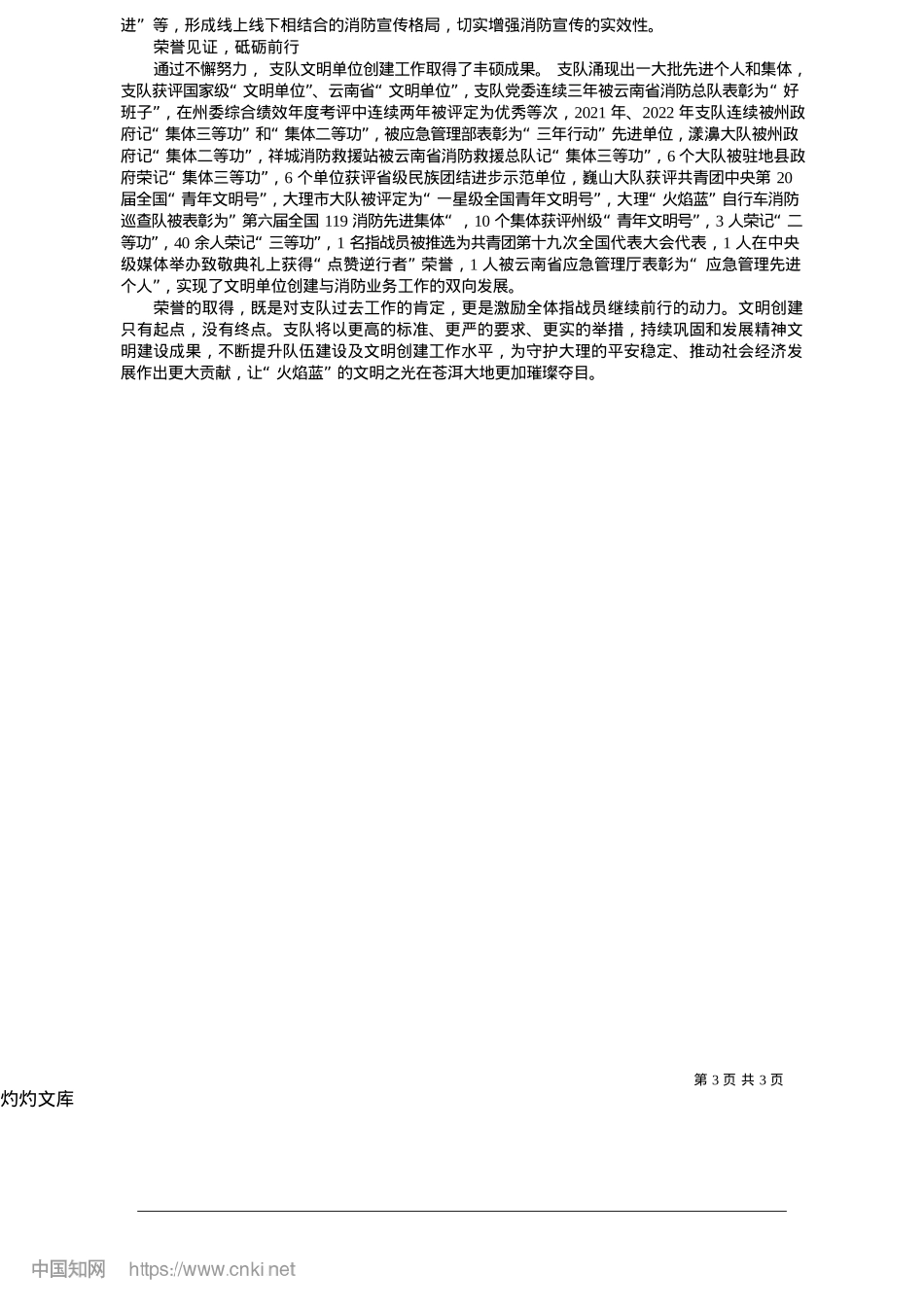 2025.05苍洱“火焰蓝”__闪耀文明之光_大理州消防救援支队.docx_第3页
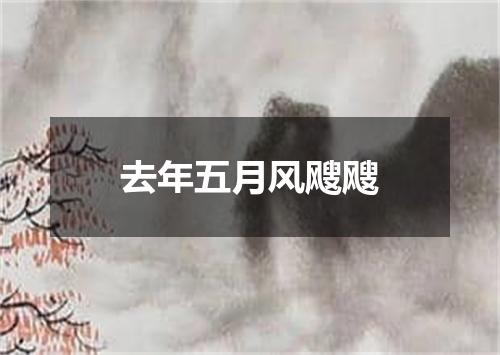 去年五月风飕飕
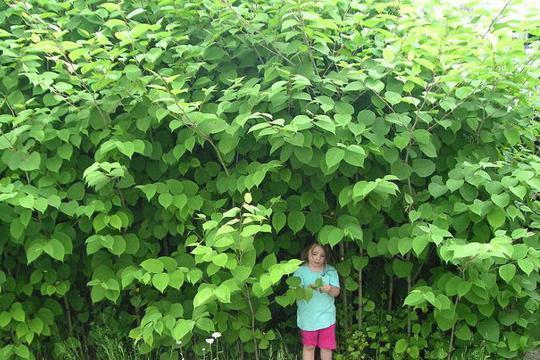 Knotweed Is Coming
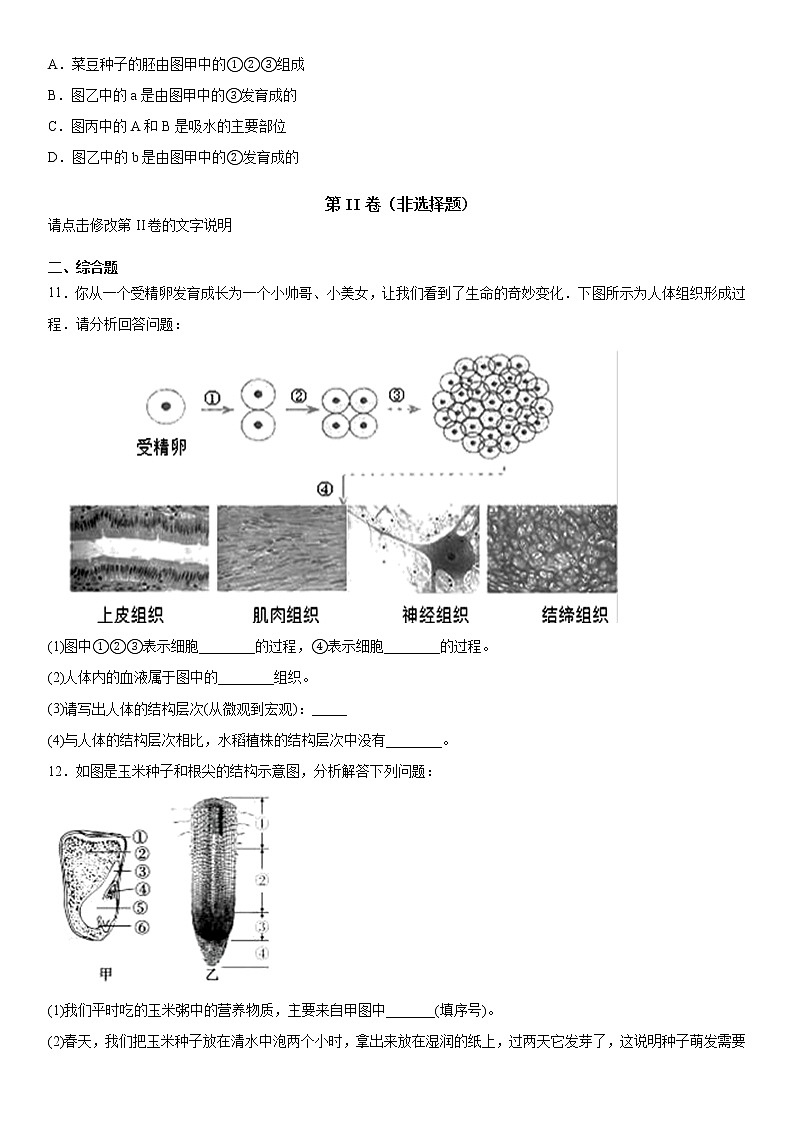 2019-2020学年七年级上学期湖北省孝感市孝南区十校联谊12月月考生物试题（原卷+解析卷）03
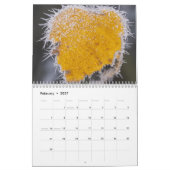 Nature inspired 2026 calendar カレンダー (2月 2027)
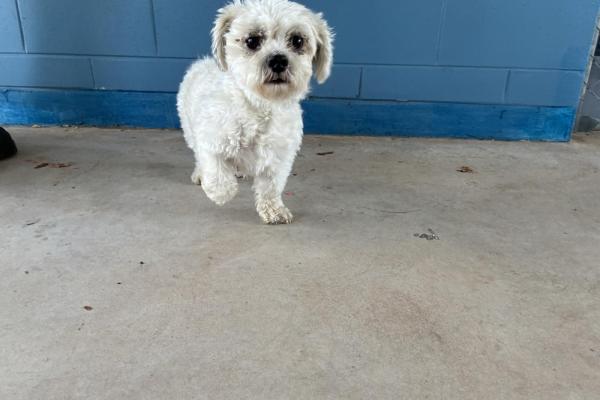 Shih Tzu X - Entire Male - White - Adult - Blue Collar - No Tag - Microchipped - Not Registered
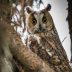 Long-eared Owl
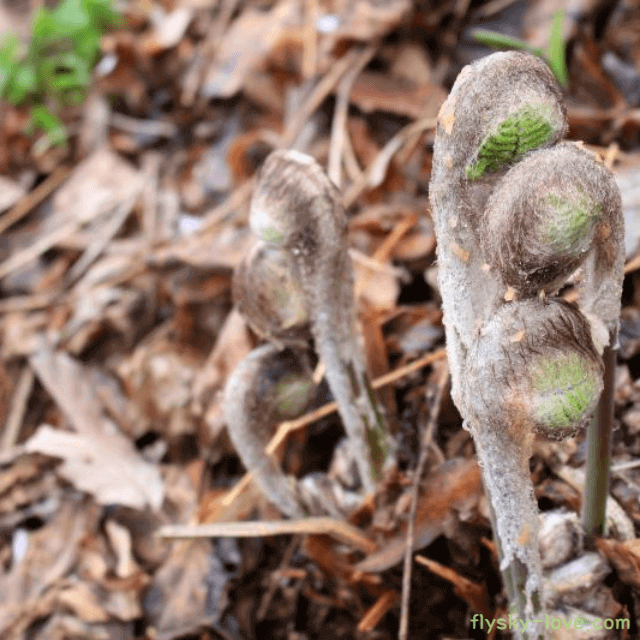 자연의 선물 고비, 고비 나물 효능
----
Give every line of the listing above again, exactly, with no images.

# [TASK RESULT]
 2025.05苍洱“火焰蓝”__闪耀文明之光_大理州消防救援支队.docx_第3页
 去年五月风飕飕
 Knotweed Is Coming
 2019-2020学年七年级上学期湖北省孝感市孝南区十校联谊12月月考生物试题（原卷+解析卷）03
 Nature inspired 2026 calendar カレンダー (2月 2027)
 Shih Tzu X - Entire Male - White - Adult - Blue Collar - No Tag - Microchipped - Not Registered
 Long-eared Owl
 자연의 선물 고비, 고비 나물 효능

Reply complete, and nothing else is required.